Good fibre producing Cashmeres are reasonably priced and as they are very fertile, cashmere breeders are turning off numbers of does every year. Commercial does range in price from $60-$110 per head depending upon the age and quality of the animal. Good commercial bucks are available for around $500 per head. A mature buck should be able to service 80 - 100 does if in good condition. By buying quality bucks, it is possible to lift cashmere production of the herd fairly quickly.

For those wanting to get in at the top end you will find that some of the top breeders are willing to sell limited numbers of their best quality does each year for $1500 -$2000 each. Proven bucks of equal quality are also in limited supply and are valued from $3000.

The Weed Problem

The only plants which seem to thrive in times of drought are the weeds. Once the rain comes, the weeds really become prolific. The Cashmere goat is a biological weed buster . Cashmeres can even be used to control toxic plants like ragwort. These types of plants are more toxic at certain times and the goats seem to know this and leave them then. Goats do need time to adjust to eating new weeds,just as any livestock needs time to adjust to a new feed. Once adjusted and the weeds have become part of the Cashmeres diet, you have a cost effective and safe ( no chemical residues)solution to weed control ( Goat Note).

How goats control weeds

Goats help control weeds by:

  • Presenting the weed from flowering and dispersing seed.
  • Preferentially grazing the weed and so placing it at a disadvantage.
  • Ringbarkinmg or structurally weakening some shrub species.

Increasing Returns For Cashmere

The structure of the Cashmere Industry is changing at present. These changes aim to shorten the supply chain channels, thus reducing costs. The savings are being passed back to growers in the form of increased returns for fibre. Cashmere Connections, the Australian processor of Cashmere, is now buying cashmere from Producers. It is in the interests of Cashmere Connections to have the Australian Cashmere Industry expand, hence they will be working very hard to not only lift returns to producers, but also to put money into back into producers pockets on receival of their fibre.

Genetic Improvement = Commercially Viable Cashmeres

The Australian Cashmere Goat has evolved through successive generations of selective breeding for cashmere down production, by a number of dedicated breeders. In 1980 Cashmere foundation herds produced less than 100grams of cashmere down per head. Today there are commercial producers who average 250- 300grams of cashmere per head, with an increasing number of elite animals producing 600 grams with a mean fibre diameter less than 17um.
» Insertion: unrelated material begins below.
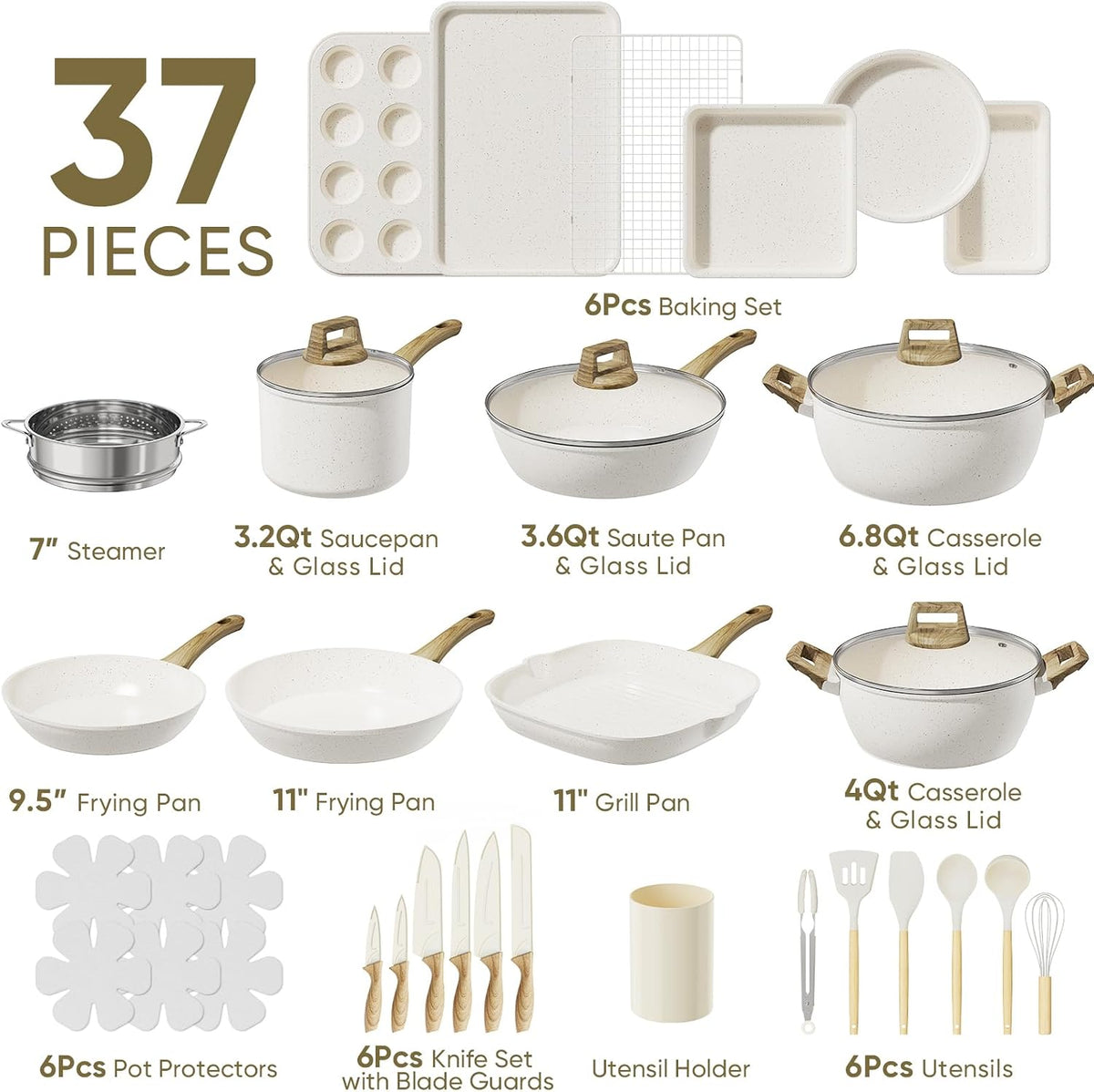 37Pcs Pots and Pans Set Non Stick,Ceramic Cookware Set with Bakeware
Not only is there more cashmere on today's Australian Cashmere Goat, but on the whole, the cashmere is finer, longer and more even across the animal. Good breeding has done away with the coarse cashgora necks. All of these things put together mean that today's Australian Cashmere, not only produces more cashmere, but that cashmere is more valuable than the cashmere produced by earlier generations of the animal.